If $e$ is a positive integer then $(a^e)^f \equiv 1 \pmod p$ if and only if $e\cdot f$ is a multiple of $\lambda$. This occurs only if $f$ is a multiple of $$\frac{\lambda}{\gcd(e, \lambda)}$$

From this we find that: $$l(a^e) = \frac{l(a)}{\gcd(e,\lambda)}$$

I don't understand how we determined what is the form of $f$. The $\frac{\lambda}{\gcd(e, \lambda)}$ reminds me the $lcm$ since $e\cdot \lambda = \gcd(e,\lambda) \cdot lcm(e,\lambda) \implies lcm = \frac{e\lambda}{gcd(e, \lambda)}$
but I am not sure if that is indeed relevant and how we ignore $e$ and get the last formula for $l(a^e)$.

Could someone please help me understand this?

Answer 1

Your issue seems to be this basic number theory result:

For integer $m,n,b$ if $mn$ is a multiple of $b$ then $m$ is a multiple of $\frac b{\gcd(b,n)}$ and $n$ is a multiple of $\frac b{\gcd(b,m)}$.

This very easy to verify. If $mn$ is a multiple of $b$ then

$mn = kb$ for some integer $k$.

Now $\gcd(b,n)$ divides both $b$ and $n$ so we can divide both sides by $\gcd(b,n)$ to get

$m[\frac {n}{\gcd(b,n)}] = k[\frac b{\gcd(b,n)}]$

(Note: even though the values written in the square brackets are written as fractions, they are, of course, integers and the denominators do divide the numerators.)

Now as all are integers these means $[\frac{n}{\gcd(b,n)}]$ divides $k[\frac b{\gcd(b,n)}]$. But $[\frac{n}{\gcd(b,n)}]$ and $[\frac b{\gcd(b,n)}]$ are relatively prime integers, we must have that $[\frac{n}{\gcd(b,n)}]$ divides $k$[*].

So we can divide both sides by $[\frac{n}{\gcd(b,n)}]$ to get

$m = [\frac k{[\frac{n}{\gcd(b,n)}]}][\frac{n}{\gcd(b,n)}]$

.... and that's that. $[\frac k{[\frac{n}{\gcd(b,n)}]}]$ is an integer and so $m$ is a multiple of $[\frac{n}{\gcd(b,n)}]$.

.....

From that the proof follows straightforwardly:

$a^k\equiv 1$ if and only if $k$ is a multiple of $\lambda$.

So $(a^e)^f=a^{ef}\equiv 1$ if and only if $ef$ is a multiple of $\lambda$.

So as $ef$ is a multiple of $\lambda$, we just proved that that means $f$ must be a multiple of $\frac {\lambda}{\gcd(\lambda, e)}$.

That's it.

........

[*] I hope you are familiar with this more basic number theory result:

For integers $a,b,k$, if $b$ divides $ak$ but $\gcd(b,k)=1$ then $b$ divides $a$.

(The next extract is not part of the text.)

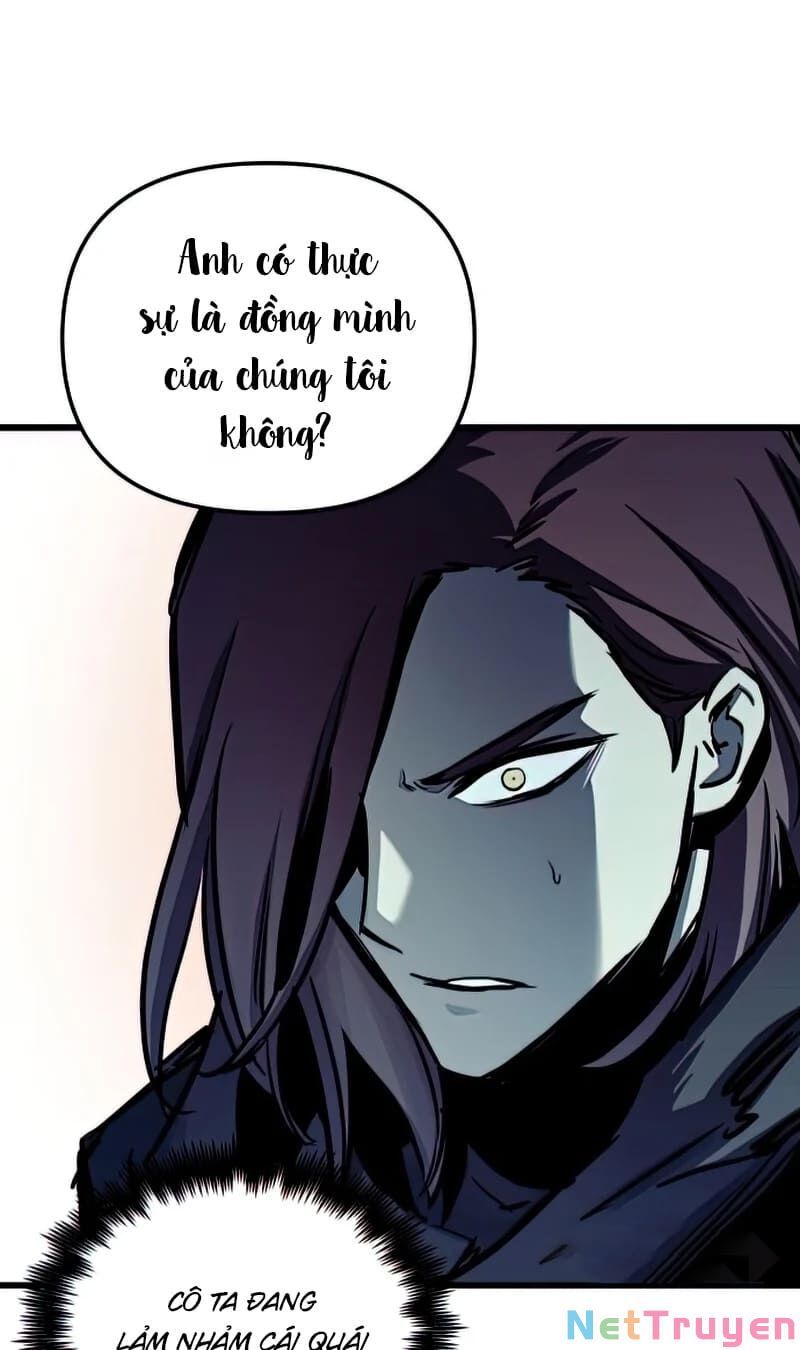 đọc truyện Chiền Thần Tự Sát Hồi Quy Chương 49 ảnh 64 tại Thiên Thai Truyện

This result should be intuitively obvious as all the divisors of $b$ divide into $ak$ but none of the divisors have anything in common with $b$ (which is relatively prime to $a$) so all the divisors of $b$ must divide into $k$.

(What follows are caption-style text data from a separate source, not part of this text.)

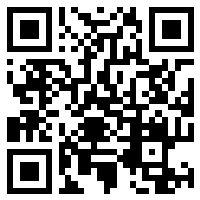 QR Code for bitcoin:1DifHWBH6pbRYePv5fE25beUVFdUog1TXZ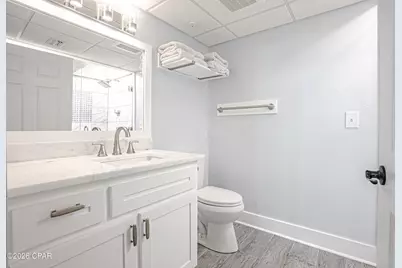 14701 Front Beach Road #1733, Panama City Beach, FL 32413 - Photo 24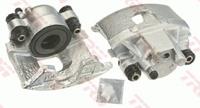 TRW Bremssättel BHS662E Bremszange CHRYSLER,VOYAGER III GS,300 M LR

More formally: If $b = \prod p_i^{m_i}$ is the unique prime factorisation of $b$ and than as $\gcd(a,b) =1$ non of the $p_i^{m_i}$ divide $ak$. But as $b$ and $k$ are relatively prime no $p_i$ can divide $k$ so by Euclid's Lemma $p_i^{m_i}|a$. So $b = \prod p_i^{m_i}|a$.